● **Listed records**:
● ● ● ● ● ● ●
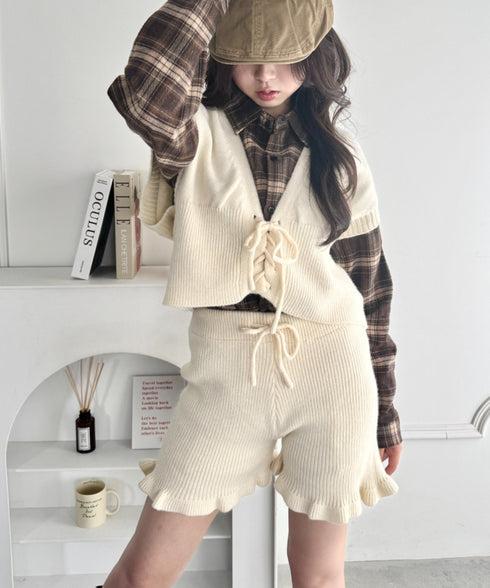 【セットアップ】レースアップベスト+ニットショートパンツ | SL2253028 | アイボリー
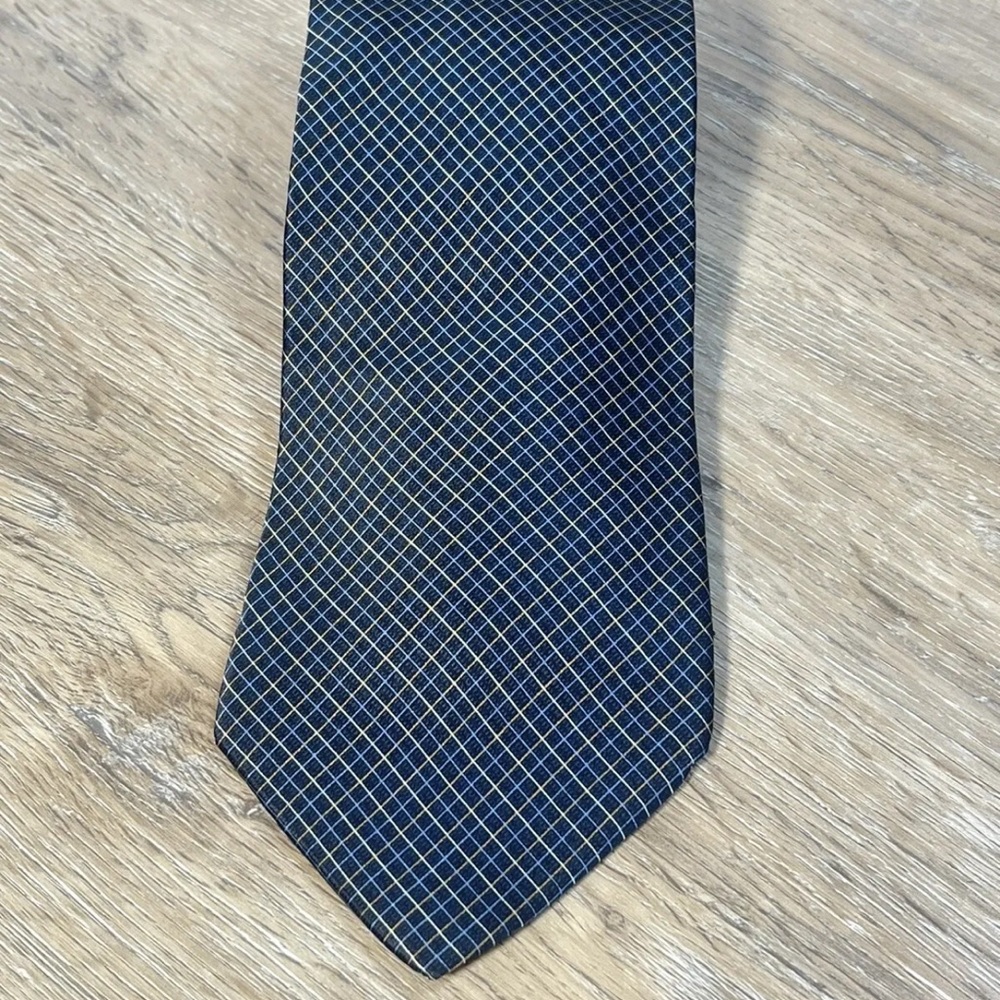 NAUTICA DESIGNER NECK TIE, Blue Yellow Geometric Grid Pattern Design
● ● ● ● ● ● ●
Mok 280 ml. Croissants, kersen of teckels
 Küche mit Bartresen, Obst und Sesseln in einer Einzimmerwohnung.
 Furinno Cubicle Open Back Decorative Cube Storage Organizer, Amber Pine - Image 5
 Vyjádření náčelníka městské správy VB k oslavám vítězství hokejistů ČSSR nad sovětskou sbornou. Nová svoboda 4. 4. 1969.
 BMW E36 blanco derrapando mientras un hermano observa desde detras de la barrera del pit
● ● ● ● ● ● ●
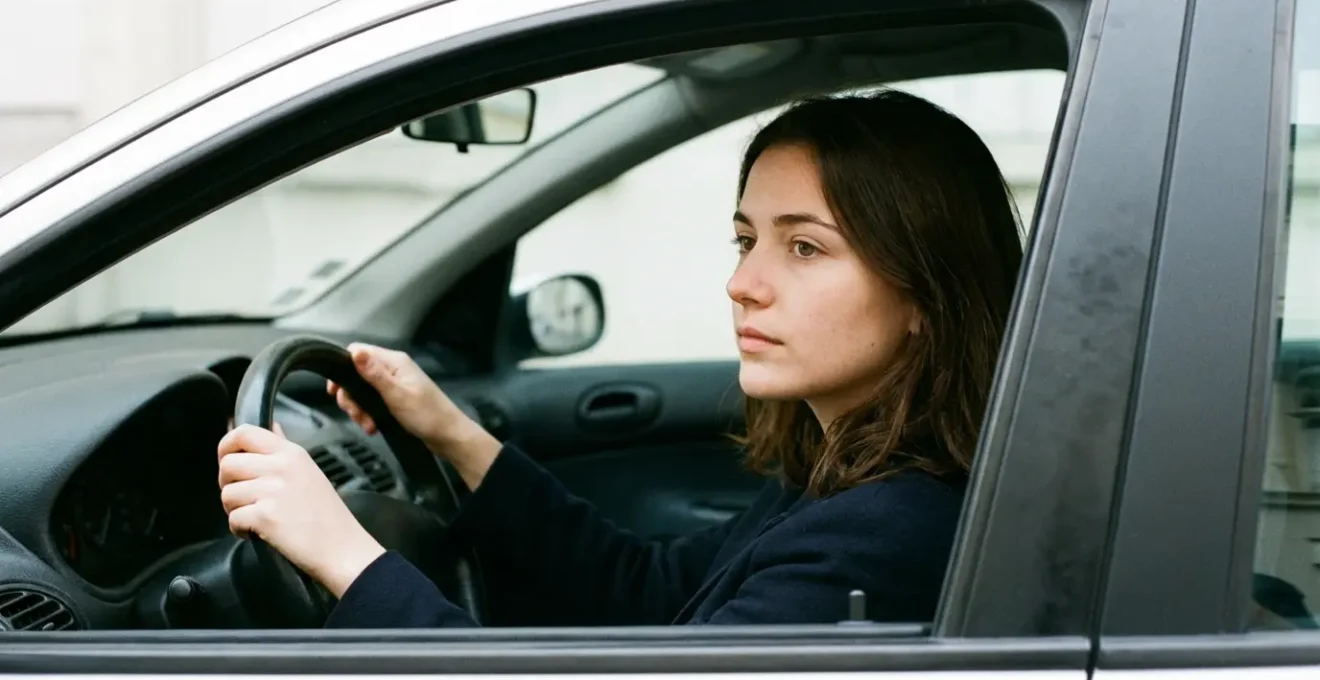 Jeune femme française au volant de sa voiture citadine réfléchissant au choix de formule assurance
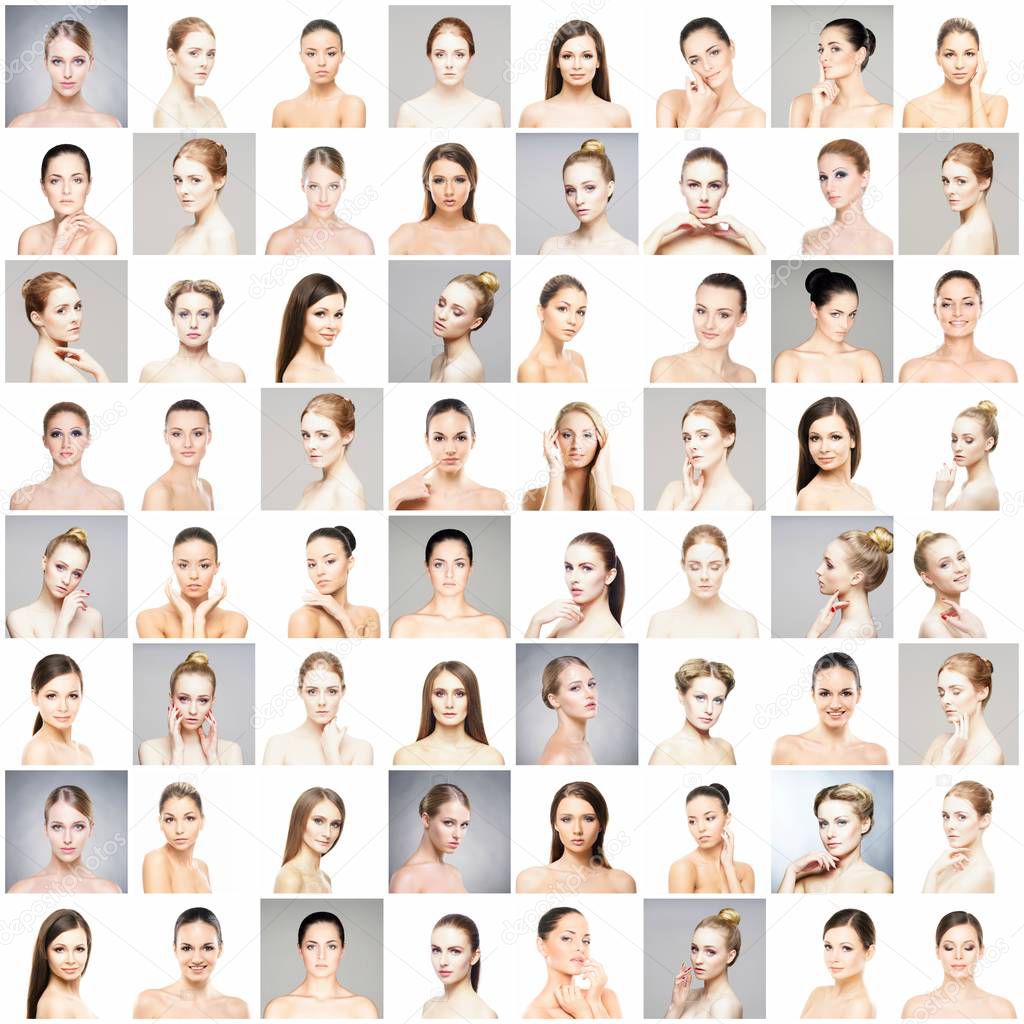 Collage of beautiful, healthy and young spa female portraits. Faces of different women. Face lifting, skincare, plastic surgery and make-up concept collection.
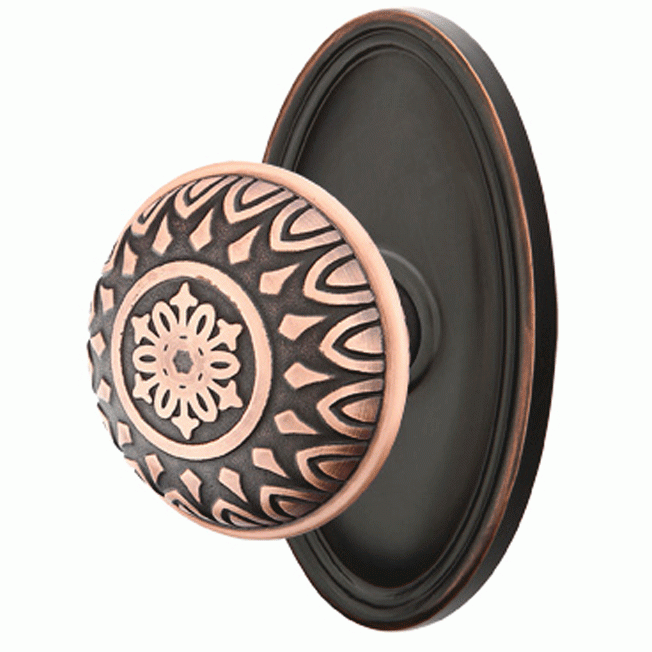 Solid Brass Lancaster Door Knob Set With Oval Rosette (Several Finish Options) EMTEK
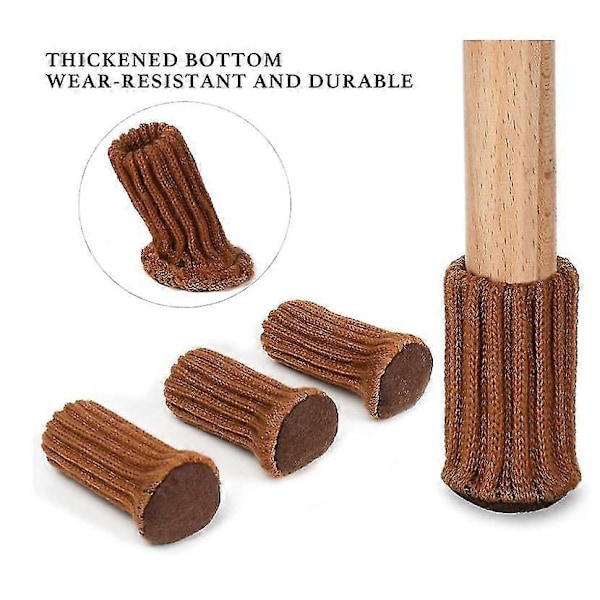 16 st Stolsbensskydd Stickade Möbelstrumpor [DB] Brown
● ● ● ● ● ● ●
● **What to work on**: What lines above run from the one with "SL2253028 | アイボリー" to the one with "NAUTICA DESIGNER NECK"? Give them again exactly, ends included, and leave the pictures out.

● **Response**:
 【セットアップ】レースアップベスト+ニットショートパンツ | SL2253028 | アイボリー
 NAUTICA DESIGNER NECK TIE, Blue Yellow Geometric Grid Pattern Design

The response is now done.